A couple of things are missing from this series:

- The ability to efficiently zero individual subclusters using
  qcow2_co_pwrite_zeroes(). At the moment only full clusters can be
  zeroed with this method.

- Alternatively we could get rid of the individual "all zeroes" bits
  altogether and have 64 subclusters per cluster. We would still have
  the QCOW_OFLAG_ZERO bit in the standard cluster descriptor.

- The number of subclusters per cluster is always 32. It would be
  trivial to allow configuring this, but I don't see any use case.
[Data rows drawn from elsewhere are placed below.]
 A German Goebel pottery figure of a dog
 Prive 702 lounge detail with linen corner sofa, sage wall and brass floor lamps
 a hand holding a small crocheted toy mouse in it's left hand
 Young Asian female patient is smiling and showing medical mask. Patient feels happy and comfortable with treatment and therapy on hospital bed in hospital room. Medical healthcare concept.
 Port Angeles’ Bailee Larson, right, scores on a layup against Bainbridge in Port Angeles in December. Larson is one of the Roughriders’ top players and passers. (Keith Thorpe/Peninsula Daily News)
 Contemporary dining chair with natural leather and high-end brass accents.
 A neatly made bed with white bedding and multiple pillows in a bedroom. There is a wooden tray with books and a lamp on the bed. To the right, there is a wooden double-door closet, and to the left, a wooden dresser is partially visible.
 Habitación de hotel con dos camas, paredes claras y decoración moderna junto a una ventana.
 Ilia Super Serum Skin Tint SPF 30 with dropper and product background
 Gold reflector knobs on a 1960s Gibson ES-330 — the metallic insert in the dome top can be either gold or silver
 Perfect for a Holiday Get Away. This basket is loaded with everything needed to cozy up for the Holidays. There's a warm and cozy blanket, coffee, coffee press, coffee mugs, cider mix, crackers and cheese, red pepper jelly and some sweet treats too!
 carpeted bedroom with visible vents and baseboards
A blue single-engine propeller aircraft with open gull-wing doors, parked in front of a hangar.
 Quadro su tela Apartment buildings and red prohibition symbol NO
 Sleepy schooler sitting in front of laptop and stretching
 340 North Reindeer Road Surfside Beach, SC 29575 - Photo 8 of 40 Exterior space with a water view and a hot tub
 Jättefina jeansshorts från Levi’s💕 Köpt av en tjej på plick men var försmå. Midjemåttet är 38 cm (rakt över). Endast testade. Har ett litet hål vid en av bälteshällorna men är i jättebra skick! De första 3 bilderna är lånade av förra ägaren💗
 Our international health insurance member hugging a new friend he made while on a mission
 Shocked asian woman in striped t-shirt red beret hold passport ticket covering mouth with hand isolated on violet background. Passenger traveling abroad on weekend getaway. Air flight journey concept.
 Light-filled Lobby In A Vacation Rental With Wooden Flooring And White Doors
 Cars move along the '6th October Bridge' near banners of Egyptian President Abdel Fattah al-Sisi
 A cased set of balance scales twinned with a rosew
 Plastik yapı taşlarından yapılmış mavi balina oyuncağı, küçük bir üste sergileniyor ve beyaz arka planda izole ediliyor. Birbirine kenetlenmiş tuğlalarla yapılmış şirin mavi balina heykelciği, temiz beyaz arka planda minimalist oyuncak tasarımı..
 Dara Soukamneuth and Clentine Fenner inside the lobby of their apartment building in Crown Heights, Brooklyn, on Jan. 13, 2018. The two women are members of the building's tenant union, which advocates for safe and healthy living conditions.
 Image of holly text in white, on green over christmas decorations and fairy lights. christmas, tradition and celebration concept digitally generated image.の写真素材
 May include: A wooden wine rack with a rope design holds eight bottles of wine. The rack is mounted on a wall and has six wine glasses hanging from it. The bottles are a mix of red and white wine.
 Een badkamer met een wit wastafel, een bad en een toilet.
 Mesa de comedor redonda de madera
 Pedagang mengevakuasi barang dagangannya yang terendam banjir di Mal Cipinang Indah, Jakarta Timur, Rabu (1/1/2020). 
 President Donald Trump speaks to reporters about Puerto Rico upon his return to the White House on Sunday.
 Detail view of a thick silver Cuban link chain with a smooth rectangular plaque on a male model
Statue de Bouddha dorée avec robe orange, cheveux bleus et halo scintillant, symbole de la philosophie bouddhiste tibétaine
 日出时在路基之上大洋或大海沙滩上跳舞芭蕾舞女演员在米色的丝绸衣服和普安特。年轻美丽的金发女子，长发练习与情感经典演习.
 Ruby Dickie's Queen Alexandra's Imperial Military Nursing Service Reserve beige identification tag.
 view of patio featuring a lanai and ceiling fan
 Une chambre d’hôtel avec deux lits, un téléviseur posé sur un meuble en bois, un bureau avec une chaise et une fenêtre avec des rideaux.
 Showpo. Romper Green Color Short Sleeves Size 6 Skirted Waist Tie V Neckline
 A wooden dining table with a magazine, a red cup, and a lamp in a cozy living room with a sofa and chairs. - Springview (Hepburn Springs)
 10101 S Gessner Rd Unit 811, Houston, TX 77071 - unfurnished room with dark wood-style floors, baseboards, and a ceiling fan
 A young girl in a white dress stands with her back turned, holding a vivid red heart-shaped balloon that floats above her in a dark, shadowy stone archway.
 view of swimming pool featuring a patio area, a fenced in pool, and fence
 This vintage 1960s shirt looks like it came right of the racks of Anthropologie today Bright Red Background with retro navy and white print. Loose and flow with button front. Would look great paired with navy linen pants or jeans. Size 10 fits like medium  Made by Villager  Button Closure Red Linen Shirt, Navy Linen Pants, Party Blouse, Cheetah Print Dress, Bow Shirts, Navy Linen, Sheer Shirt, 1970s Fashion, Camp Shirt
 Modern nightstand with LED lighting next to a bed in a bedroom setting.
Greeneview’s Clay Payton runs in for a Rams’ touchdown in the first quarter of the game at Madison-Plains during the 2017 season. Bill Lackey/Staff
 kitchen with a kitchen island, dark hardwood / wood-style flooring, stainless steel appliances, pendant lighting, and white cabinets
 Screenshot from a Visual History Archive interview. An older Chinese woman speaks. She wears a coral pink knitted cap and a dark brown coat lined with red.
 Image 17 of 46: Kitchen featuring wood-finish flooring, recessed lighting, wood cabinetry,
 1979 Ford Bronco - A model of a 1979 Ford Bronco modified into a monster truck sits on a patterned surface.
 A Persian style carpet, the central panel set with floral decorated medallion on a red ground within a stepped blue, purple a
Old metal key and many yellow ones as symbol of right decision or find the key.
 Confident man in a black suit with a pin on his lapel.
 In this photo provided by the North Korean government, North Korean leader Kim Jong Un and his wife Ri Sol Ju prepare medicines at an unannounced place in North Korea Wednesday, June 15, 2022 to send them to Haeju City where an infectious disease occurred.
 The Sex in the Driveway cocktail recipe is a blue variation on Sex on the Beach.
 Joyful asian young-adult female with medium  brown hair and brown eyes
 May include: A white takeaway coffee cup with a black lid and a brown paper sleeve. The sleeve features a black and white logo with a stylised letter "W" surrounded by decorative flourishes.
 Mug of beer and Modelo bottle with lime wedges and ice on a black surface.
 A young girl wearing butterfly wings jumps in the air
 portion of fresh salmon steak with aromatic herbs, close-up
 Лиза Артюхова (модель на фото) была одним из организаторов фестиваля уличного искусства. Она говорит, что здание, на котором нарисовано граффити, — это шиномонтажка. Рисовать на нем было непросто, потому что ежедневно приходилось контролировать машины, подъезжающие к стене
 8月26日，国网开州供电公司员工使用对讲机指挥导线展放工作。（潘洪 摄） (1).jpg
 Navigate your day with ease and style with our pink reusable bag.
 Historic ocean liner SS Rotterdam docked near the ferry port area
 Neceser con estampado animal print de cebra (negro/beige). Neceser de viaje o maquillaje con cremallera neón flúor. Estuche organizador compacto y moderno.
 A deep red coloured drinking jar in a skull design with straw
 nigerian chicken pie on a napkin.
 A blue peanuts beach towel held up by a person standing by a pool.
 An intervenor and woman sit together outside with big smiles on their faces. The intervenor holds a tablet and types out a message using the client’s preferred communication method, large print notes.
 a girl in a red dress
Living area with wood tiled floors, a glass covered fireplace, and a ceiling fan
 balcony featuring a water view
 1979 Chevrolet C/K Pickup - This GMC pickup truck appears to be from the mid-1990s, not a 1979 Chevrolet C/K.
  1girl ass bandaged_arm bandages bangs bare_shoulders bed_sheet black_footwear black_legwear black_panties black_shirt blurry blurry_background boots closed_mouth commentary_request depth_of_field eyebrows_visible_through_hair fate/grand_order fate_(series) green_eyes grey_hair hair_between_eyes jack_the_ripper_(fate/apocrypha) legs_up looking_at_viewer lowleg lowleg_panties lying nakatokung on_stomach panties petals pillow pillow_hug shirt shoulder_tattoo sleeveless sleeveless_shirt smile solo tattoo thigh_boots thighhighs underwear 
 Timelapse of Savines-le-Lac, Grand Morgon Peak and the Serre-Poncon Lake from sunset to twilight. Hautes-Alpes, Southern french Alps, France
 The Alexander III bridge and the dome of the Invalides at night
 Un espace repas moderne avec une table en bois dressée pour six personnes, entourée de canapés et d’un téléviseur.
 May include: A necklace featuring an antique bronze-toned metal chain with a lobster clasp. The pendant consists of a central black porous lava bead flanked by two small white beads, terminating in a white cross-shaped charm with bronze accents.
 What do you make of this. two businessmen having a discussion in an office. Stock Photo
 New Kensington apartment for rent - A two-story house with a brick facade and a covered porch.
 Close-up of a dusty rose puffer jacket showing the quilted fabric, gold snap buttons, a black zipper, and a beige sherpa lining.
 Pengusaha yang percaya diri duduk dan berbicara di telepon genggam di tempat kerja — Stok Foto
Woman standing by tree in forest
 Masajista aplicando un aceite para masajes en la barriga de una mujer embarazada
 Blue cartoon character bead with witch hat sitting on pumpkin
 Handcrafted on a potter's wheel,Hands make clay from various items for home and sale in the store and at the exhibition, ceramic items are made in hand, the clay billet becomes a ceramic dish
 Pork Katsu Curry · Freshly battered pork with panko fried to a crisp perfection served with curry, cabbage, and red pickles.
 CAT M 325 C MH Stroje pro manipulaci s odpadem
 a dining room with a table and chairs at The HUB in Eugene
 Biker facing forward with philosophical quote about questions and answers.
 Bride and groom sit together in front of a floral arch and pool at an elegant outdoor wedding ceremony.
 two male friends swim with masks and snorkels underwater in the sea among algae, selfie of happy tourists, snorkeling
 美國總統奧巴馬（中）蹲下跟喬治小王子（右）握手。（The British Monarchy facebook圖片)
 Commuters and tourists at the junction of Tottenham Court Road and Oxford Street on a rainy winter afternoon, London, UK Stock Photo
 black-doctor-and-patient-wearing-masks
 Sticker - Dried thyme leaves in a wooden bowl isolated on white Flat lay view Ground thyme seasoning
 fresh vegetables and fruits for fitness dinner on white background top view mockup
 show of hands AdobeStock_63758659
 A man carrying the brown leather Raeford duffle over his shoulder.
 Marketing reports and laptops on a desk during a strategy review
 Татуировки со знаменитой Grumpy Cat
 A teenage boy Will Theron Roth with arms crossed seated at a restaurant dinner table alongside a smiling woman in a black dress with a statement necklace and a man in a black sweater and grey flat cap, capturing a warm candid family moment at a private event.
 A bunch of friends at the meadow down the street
- Tests: I have a few written that I'll add in future revisions of
  this series.

- handle_alloc_space() works at the subclusters level. That is, if you
  have an unallocated 2MB cluster with 64KB subclusters, no backing
  image and you write 4KB of data, QEMU won't write zeroes to the
  affected subcluster(s) and will use handle_alloc_space() instead.
  The other subclusters won't be touched and will remain unallocated.
  This behavior is consistent with how subclusters work and saves disk
  space, but offers slightly lower performance (see test results
  above). Theoretically we could offer a setting to configure this,
  but I'm not convinced that this is very useful.

===========================

As usual, feedback is welcome,

Berto

Alberto Garcia (23):
  qcow2: Add calculate_l2_meta()
  qcow2: Split cluster_needs_cow() out of count_cow_clusters()
  qcow2: Process QCOW2_CLUSTER_ZERO_ALLOC clusters in handle_copied()
  qcow2: Add get_l2_entry() and set_l2_entry()
  qcow2: Document the Extended L2 Entries feature
  qcow2: Add dummy has_subclusters() function
  qcow2: Add subcluster-related fields to BDRVQcow2State
  qcow2: Add offset_to_sc_index()
  qcow2: Add l2_entry_size()
  qcow2: Update get/set_l2_entry() and add get/set_l2_bitmap()
  qcow2: Add qcow2_get_subcluster_type()
  qcow2: Handle QCOW2_CLUSTER_UNALLOCATED_SUBCLUSTER
  qcow2: Add subcluster support to calculate_l2_meta()
  qcow2: Add subcluster support to qcow2_get_cluster_offset()
  qcow2: Add subcluster support to zero_in_l2_slice()
  qcow2: Add subcluster support to discard_in_l2_slice()
  qcow2: Add subcluster support to check_refcounts_l2()
  qcow2: Add subcluster support to expand_zero_clusters_in_l1()
  qcow2: Fix offset calculation in handle_dependencies()
  qcow2: Update L2 bitmap in qcow2_alloc_cluster_link_l2()
  qcow2: Add subcluster support to handle_alloc_space()
  qcow2: Restrict qcow2_co_pwrite_zeroes() to full clusters only
  qcow2: Add the 'extended_l2' option and the QCOW2_INCOMPAT_EXTL2 bit

 block/qcow2-cluster.c            | 547 ++++++++++++++++++++-----------
 block/qcow2-refcount.c           |  38 ++-
 block/qcow2.c                    |  83 ++++-
 block/qcow2.h                    | 121 ++++++-
 docs/interop/qcow2.txt           |  68 +++-
 docs/qcow2-cache.txt             |  19 +-
 include/block/block_int.h        |   1 +
 qapi/block-core.json             |   2 +
 tests/qemu-iotests/031.out       |   8 +-
 tests/qemu-iotests/036.out       |   4 +-
 tests/qemu-iotests/049.out       | 102 +++---
 tests/qemu-iotests/060.out       |   1 +
 tests/qemu-iotests/061.out       |  20 +-
 tests/qemu-iotests/065           |  18 +-
 tests/qemu-iotests/082.out       |  48 ++-
 tests/qemu-iotests/085.out       |  38 +--
 tests/qemu-iotests/144.out       |   4 +-
 tests/qemu-iotests/182.out       |   2 +-
 tests/qemu-iotests/185.out       |   8 +-
 tests/qemu-iotests/198.out       |   2 +
 tests/qemu-iotests/206.out       |   4 +
 tests/qemu-iotests/242.out       |   5 +
 tests/qemu-iotests/255.out       |   8 +-
 tests/qemu-iotests/common.filter |   1 +
 24 files changed, 817 insertions(+), 335 deletions(-)